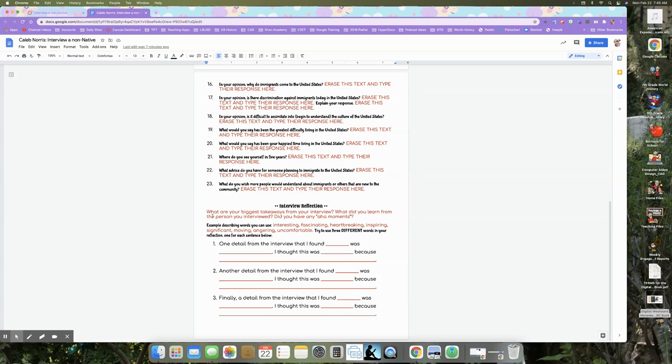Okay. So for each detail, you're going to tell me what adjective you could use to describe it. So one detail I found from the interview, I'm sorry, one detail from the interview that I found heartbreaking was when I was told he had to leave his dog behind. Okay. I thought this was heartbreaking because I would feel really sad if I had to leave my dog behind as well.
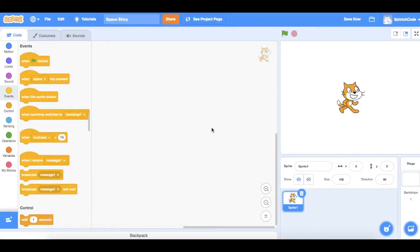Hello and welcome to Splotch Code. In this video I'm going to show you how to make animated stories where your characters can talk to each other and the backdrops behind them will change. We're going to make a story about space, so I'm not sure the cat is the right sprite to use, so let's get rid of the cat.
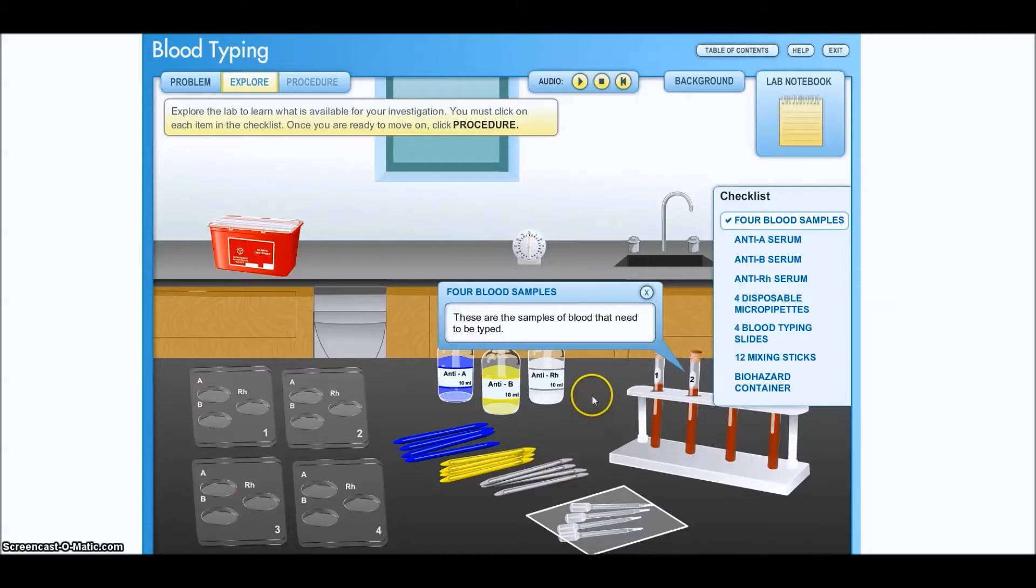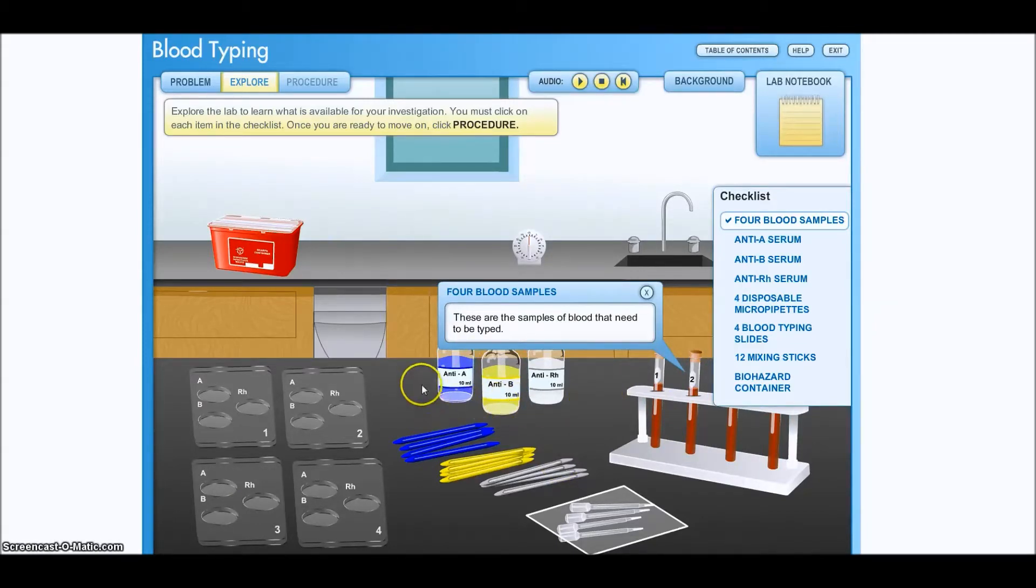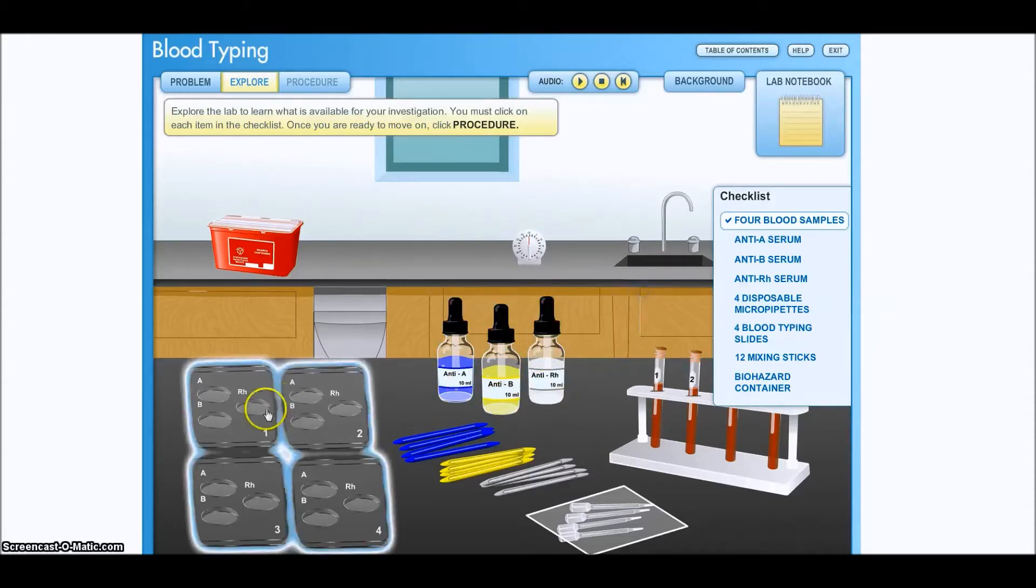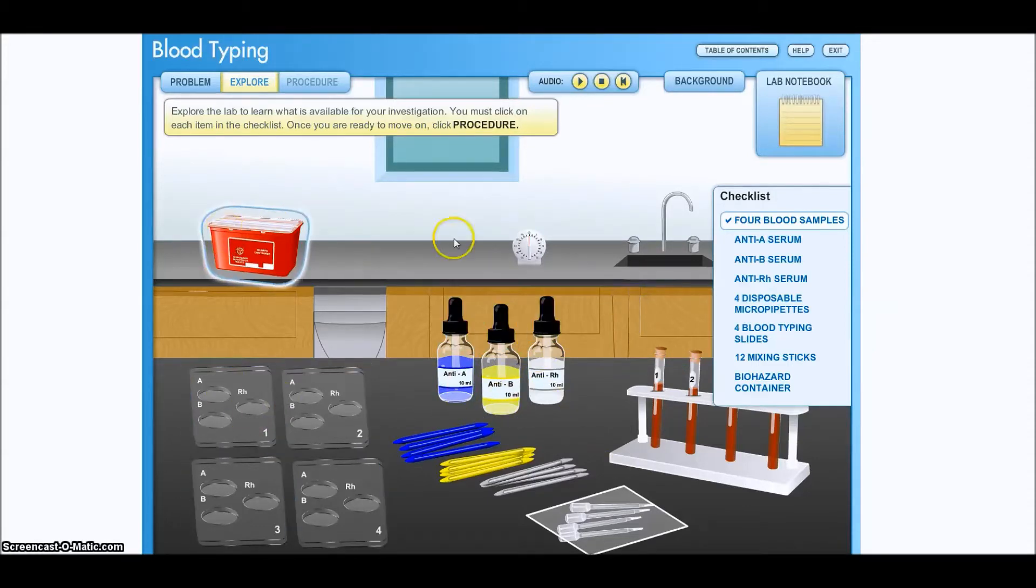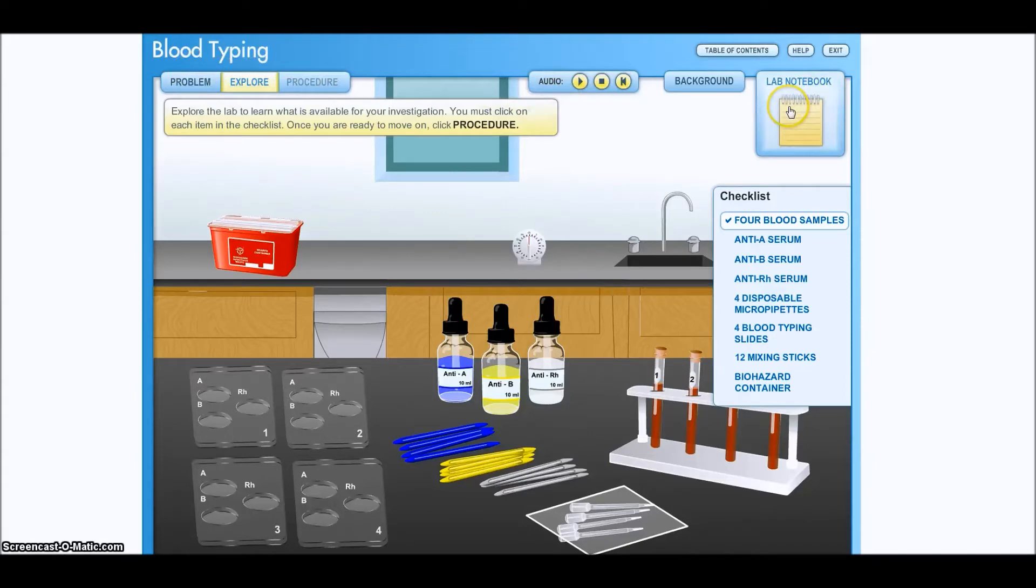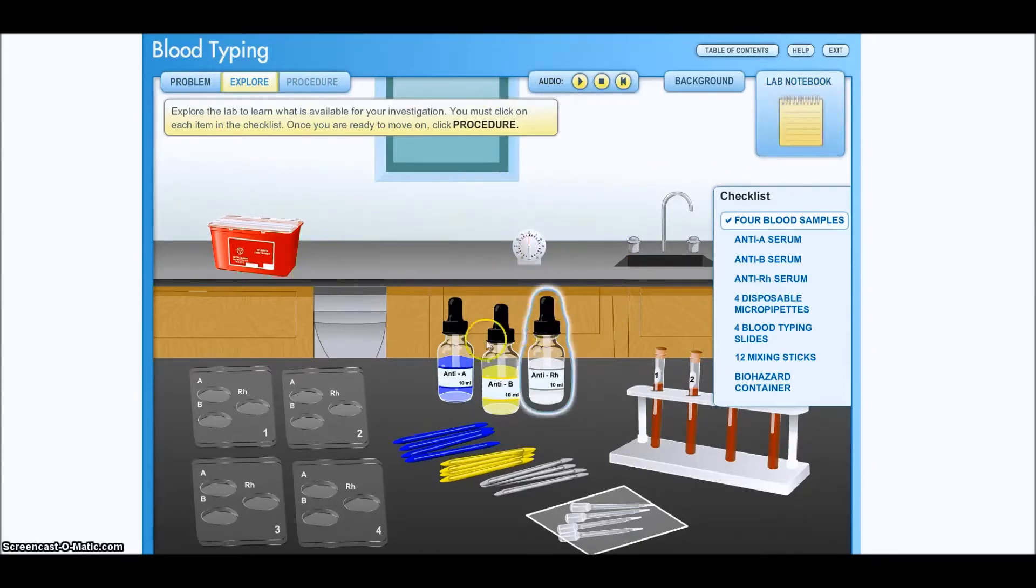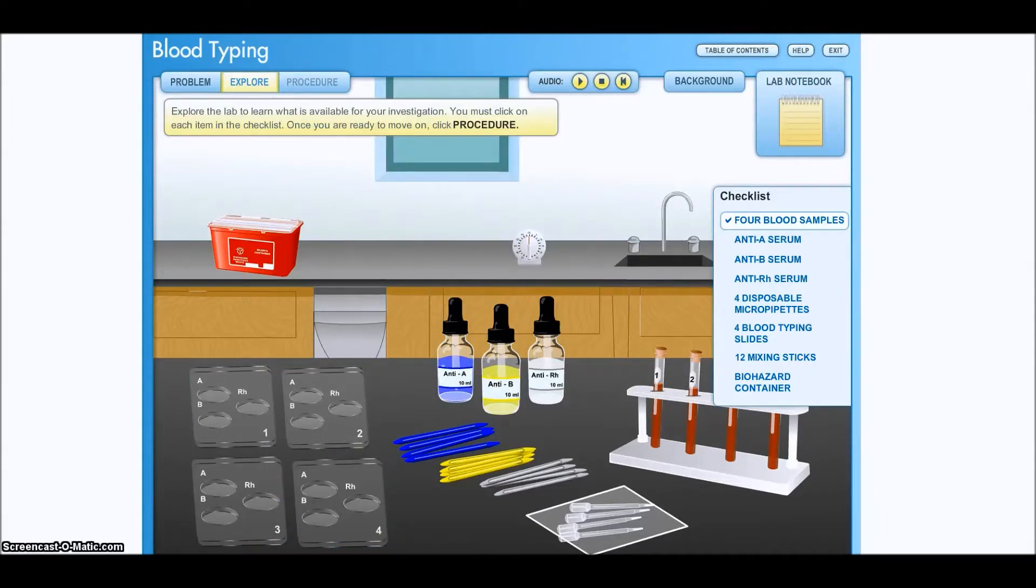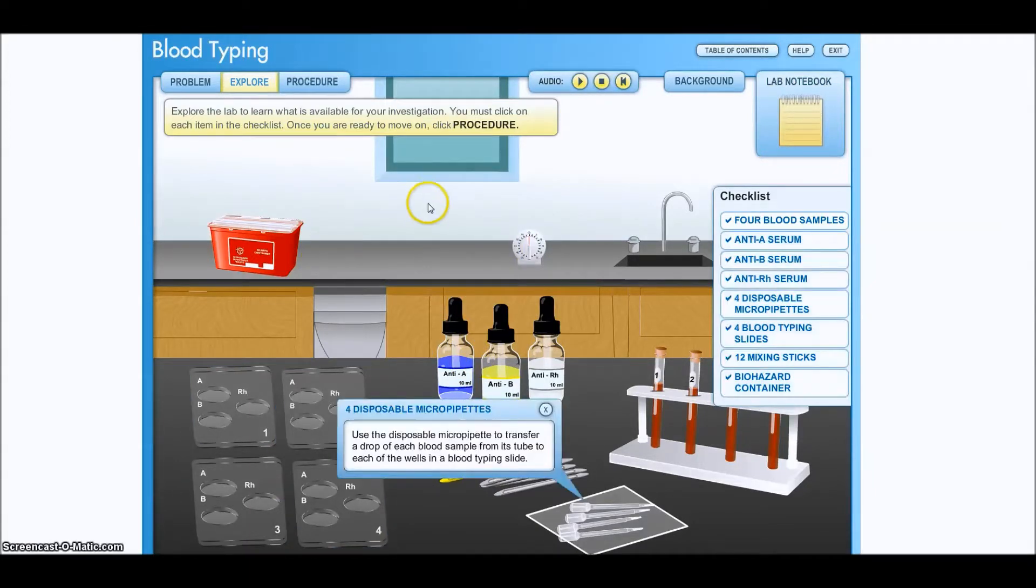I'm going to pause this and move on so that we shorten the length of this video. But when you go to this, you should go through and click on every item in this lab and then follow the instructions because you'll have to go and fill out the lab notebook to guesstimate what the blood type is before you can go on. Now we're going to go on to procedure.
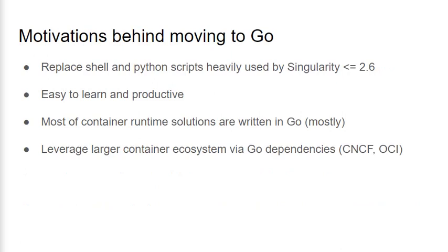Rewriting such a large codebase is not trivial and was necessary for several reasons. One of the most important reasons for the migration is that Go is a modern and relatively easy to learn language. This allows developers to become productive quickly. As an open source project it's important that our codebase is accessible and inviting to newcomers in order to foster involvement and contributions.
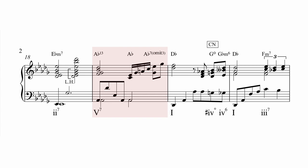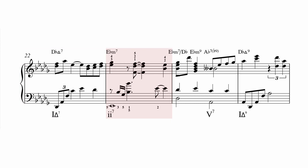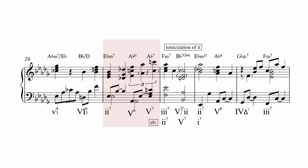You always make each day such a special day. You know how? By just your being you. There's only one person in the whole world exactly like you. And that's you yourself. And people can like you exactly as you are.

Task item:
Give again the stretch of lines above from the one with "Hello and welcome" through the one with "I'm going to pause", both ends kept, and copy no pictures.

Response area:
Hello and welcome to Splotch Code. In this video I'm going to show you how to make animated stories where your characters can talk to each other and the backdrops behind them will change. We're going to make a story about space, so I'm not sure the cat is the right sprite to use, so let's get rid of the cat.
I'm going to pause this and move on so that we shorten the length of this video. But when you go to this, you should go through and click on every item in this lab and then follow the instructions because you'll have to go and fill out the lab notebook to guesstimate what the blood type is before you can go on. Now we're going to go on to procedure.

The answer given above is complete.